*Work item:*
Your answer should hold each line of the material that contains the word "with".

*Data block:*

● ● ● ●

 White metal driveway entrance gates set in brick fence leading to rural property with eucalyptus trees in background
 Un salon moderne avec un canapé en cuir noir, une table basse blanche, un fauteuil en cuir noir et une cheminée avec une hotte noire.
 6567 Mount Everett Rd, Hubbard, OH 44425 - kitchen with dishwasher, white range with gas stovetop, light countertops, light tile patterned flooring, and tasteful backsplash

● ● ● ●

*Problem solution:*
 White metal driveway entrance gates set in brick fence leading to rural property with eucalyptus trees in background
 6567 Mount Everett Rd, Hubbard, OH 44425 - kitchen with dishwasher, white range with gas stovetop, light countertops, light tile patterned flooring, and tasteful backsplash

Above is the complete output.